# New Track Layout and Questions



## jtsharp06 (Jan 31, 2021)

Hello all, I'm new to the forum here and getting back into the hobby after 30 years. I have created a new outdoor track plan in Anyrail and have some questions. If you look at my layout you will see it consists of roughly 163 feet of total track. Each box is 1ft square for reference. I am using LGB brass track. Currently I have two older single motor LGB locos and two other locos (Piko Mini Mogul and USAT GP9 that are running on Rail Pro w/battery). The layout has roughly 7 switches and three loops in its current form. I'm planning on using a 5amp Piko Power pack to run the two outside loops, and a smaller LGB 1amp (from starter set) to run the inner loop. These analog power packs will only be for the smaller locos, switches, and some building lighting (in the future). Going forward all new loco purchases will be converted to battery.

My layout will be an outdoor elevated layout in Southern NJ, so it will see all four seasons of weather.

My questions:
-Do I have enough power with using the current power packs I have?
-Should I break down the layout into Power districts?
-Instead of using multiple power packs should I use one large one with multiple throttles?
-Will a BUSS line with feeders work or should I home run all feeders to a terminal strip then provide power to terminal strip for track power.
-What type of connectors shall I use? Rail clamps?

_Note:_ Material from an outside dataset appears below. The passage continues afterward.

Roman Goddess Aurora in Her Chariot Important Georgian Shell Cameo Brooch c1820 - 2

Sorry for all of the newbie questions but this will be my first outdoor layout coming from a much smaller indoor layout.

Thank you for all of the valuable information on this forum!


----------



## David Leech (Dec 9, 2008)

Hi Jared,
Welcome to MLS.
I know nothing, and wish to know nothing, about track power, so cannot answer any of your questions, but hopefully many will.
Enjoy the build of your railway, and let us know how it progresses.
All the best,
David Leech, Delta, Canada


----------



## jtsharp06 (Jan 31, 2021)

Thank you David. I looked forward to all the knowledge here.

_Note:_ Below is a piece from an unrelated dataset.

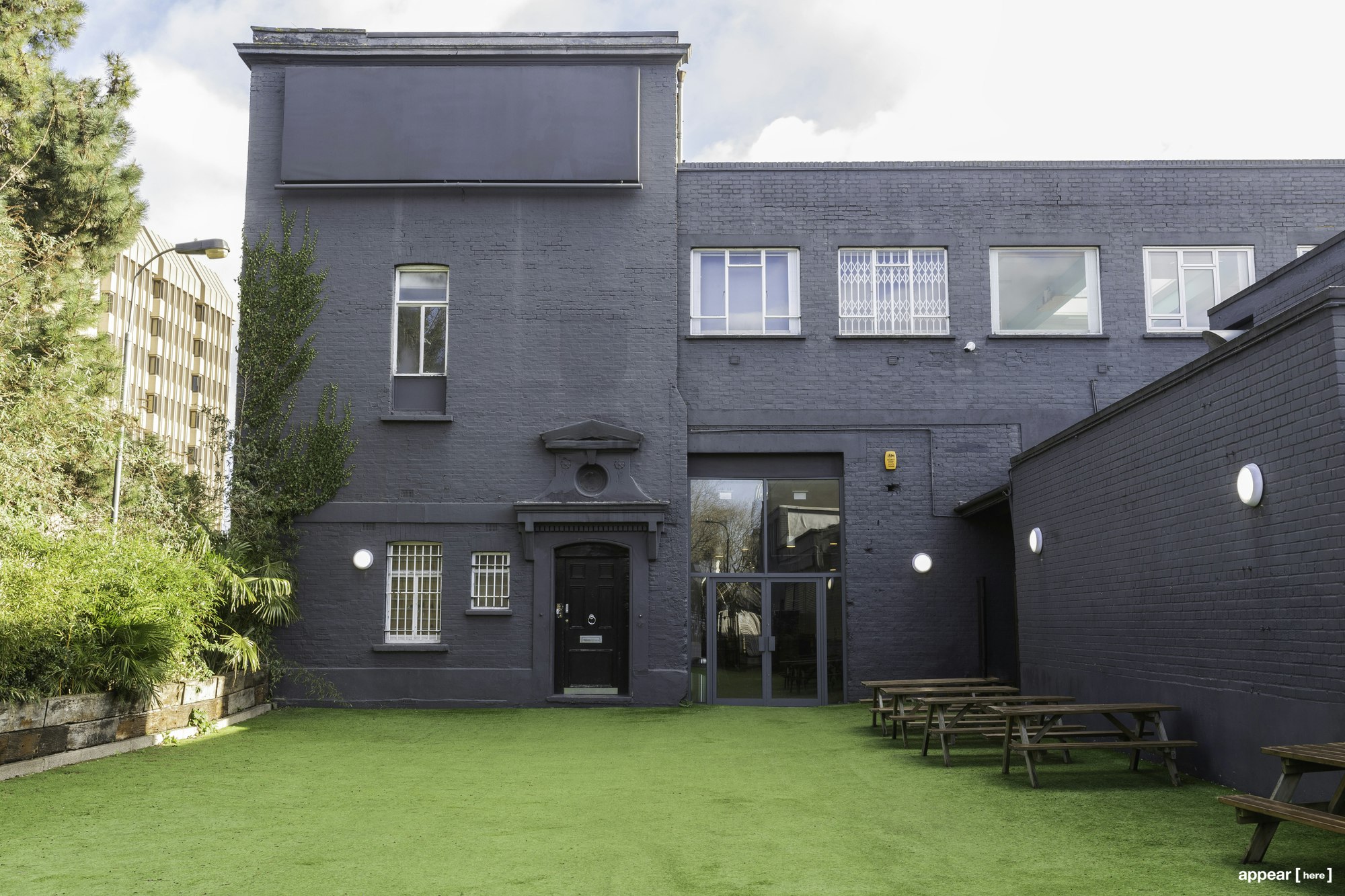 Beaumont Avenue, West Kensington – The Bare Brick Place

Sent from my SM-N981U using Tapatalk


----------



## Greg Elmassian (Jan 3, 2008)

So you want to "get by" until your entire fleet is battery?

I'd say based on your locos, the 5 amp unit will be fine, with maybe the inner loop on the 1 amp, as long as you stick to small locos. If I was converting to battery, I would want to not spend any money on power supplies that will no longer be used after a while.

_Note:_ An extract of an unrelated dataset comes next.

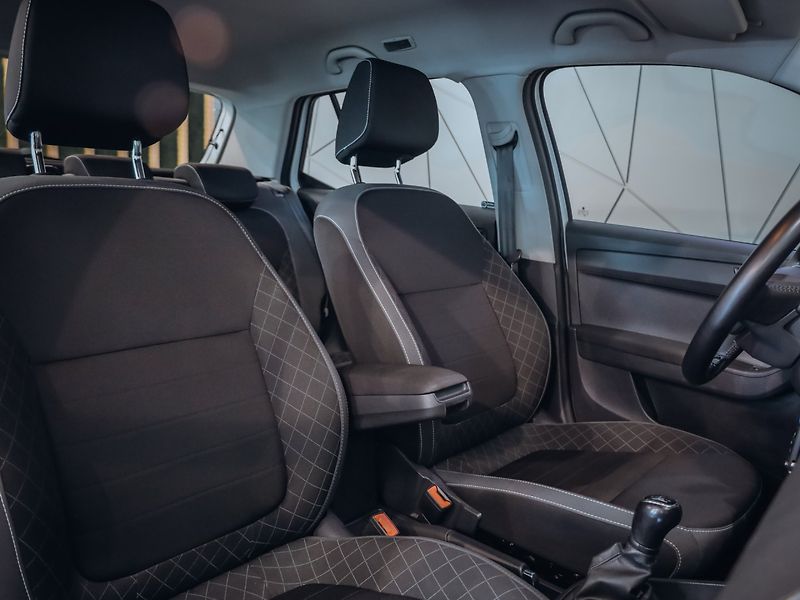 Škoda Fabia 1.0 TSI 70 kW Ambition - fotka 23 z 28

About feeds, and joiners, etc.

If you are going battery SOON, then I would put as little money in joiners as I could, and minimize effort on wiring. I'd guess your entire layout is level.

Make sure your LGB track is clean and shiny where the joiners go, put some grease in the joiners (any good automotive wheel bearing grease is fine) and that should last long enough for you to get converted to all battery.

Hope that helps,

Greg


----------



## jtsharp06 (Jan 31, 2021)

Thank you Greg, 

As far as getting power to the track. Is there any recommendations or standard about number of feeders per foot of track? Should I homerun the feeders to a terminal strip ?I am going to go battery Soon, but I may always have two or three of my original locos on track power.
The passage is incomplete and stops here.